Un video falsificado mediante inteligencia artificial generativa se viralizó en las redes, donde a las autoridades judiciales se les diluye el poder jurisdiccional. Una maniobra anónima (como los aportantes del mundo cripto), pero peligrosamente cercana al círculo áulico presidencial.
El segundo efecto del triunfo, en ese nivel de operaciones, fue la decisión oficial de detonar la comisión que había creado el Poder Ejecutivo para actuar en un intento de esclarecimiento del Libragate.
Ese movimiento post electoral estuvo complementado con el quebranto inducido (junto a aliados en el Congreso) para la comisión que desde el Parlamento pretendía abocarse a la misma tarea. La Casa Rosada aprovechó el tumulto del festejo porteño para sellar esos frentes de conflicto que tenía abiertos desde la criptoestafa de San Valentín. Esta decisión coincidió con las noticias judiciales del distrito sur neoyorquino.
Una tercera señal provino del FMI. La vocera Julie Kozack saludó favorablemente la decisión del Gobierno de promover una amplia desregulación para que vuelvan a circular en la economía doméstica los dólares que fueron atesorados en Argentina, por fuera del sistema financiero, en tiempos en que el kirchnerismo impuso una persecución para el ahorro en moneda extranjera, de la que sólo se exceptuaba a sí mismo. Kozack recordó que las nuevas normas que propone Milei deben cumplir con la regulación internacional contra lavado de activos. El discurso libertario tiende a minimizar ese aspecto precautorio de la gobernanza global.
Todavía no están las normas que regirán el intento de dolarización endógena que el Gobierno quiere hacer con los ahorros bajo el colchón. El ministro Luis Caputo dijo que se respetarán los recaudos del FMI. Pero lo más destacado de sus anuncios tras el triunfo porteño es que el Gobierno decidió reforzar su avance hacia la liberalización económica.

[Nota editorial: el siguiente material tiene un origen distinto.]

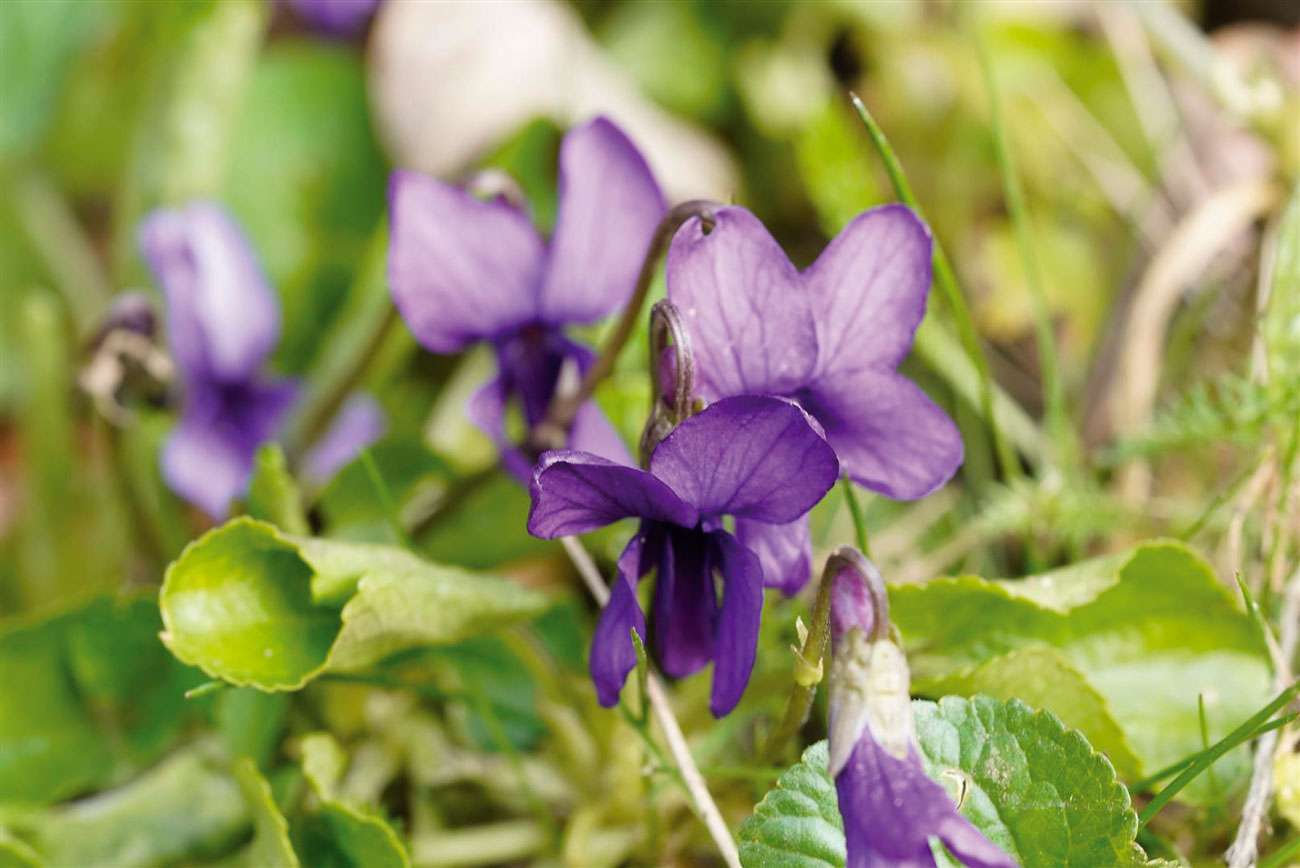 Wild Wonders – April 2021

Navega con viento a favor, no sólo por la baja de la inflación. Algunas estimaciones sobre actividad económica para este año pronostican hasta seis puntos de crecimiento del PIB, con un promedio anual aproximado de 30% de inflación.
No pocos economistas advierten ahora sobre la decisión oficial de priorizar la baja de la inflación por sobre la acumulación de reservas. Antes del acuerdo con el Fondo Monetario, el Banco Central había regresado a un balance superior a los U$S 7.000 millones de reservas negativas. Los más de U$S 20.000 millones que llegaron después aliviaron la situación. En especial, la “cláusula Bessent”, el anuncio del gobierno norteamericano de que asistirá a Milei si la turbulencia global suma problemas.
Con este panorama, Milei se beneficia a veces a tientas de los cambios globales para la actividad política, pero especialmente de su decisión de gobernar con convicción respetando el único pacto pedido por la sociedad: la baja de la inflación como camino de crecimiento. La principal oposición, liderada por Cristina Kirchner, eligió otro rumbo estratégico: el pasado como futuro, después de que estalle el país.
Esa es la polarización que está consiguiendo Milei.